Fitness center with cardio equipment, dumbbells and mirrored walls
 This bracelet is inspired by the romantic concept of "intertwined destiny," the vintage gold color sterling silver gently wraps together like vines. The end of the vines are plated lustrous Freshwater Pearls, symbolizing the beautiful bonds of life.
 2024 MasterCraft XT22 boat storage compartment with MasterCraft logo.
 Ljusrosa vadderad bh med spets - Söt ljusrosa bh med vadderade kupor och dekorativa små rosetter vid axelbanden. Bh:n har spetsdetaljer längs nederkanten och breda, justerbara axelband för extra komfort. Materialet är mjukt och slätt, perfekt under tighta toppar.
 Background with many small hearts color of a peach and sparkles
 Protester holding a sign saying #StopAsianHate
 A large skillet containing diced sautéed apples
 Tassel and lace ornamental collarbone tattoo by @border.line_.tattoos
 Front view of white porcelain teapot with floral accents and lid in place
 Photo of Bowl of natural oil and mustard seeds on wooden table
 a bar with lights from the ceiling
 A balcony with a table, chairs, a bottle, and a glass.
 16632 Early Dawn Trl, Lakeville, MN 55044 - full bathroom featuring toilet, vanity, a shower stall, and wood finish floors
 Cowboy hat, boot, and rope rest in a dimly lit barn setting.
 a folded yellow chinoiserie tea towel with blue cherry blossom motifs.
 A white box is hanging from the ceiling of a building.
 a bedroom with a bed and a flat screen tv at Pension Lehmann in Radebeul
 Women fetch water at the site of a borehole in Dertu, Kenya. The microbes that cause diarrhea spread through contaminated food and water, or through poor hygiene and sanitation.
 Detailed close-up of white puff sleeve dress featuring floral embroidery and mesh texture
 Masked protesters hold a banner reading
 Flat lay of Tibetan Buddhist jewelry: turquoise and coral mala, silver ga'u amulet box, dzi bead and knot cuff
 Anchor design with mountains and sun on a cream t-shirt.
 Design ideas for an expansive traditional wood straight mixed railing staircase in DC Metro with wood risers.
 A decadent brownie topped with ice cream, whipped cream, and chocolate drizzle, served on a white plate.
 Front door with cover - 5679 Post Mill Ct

____________

EXERCISE DETAILS
Whatever lies between the line containing "Design ideas for" and the final line above, both included, must be returned exactly.

ANSWER BOX
 Design ideas for an expansive traditional wood straight mixed railing staircase in DC Metro with wood risers.
 A decadent brownie topped with ice cream, whipped cream, and chocolate drizzle, served on a white plate.
 Front door with cover - 5679 Post Mill Ct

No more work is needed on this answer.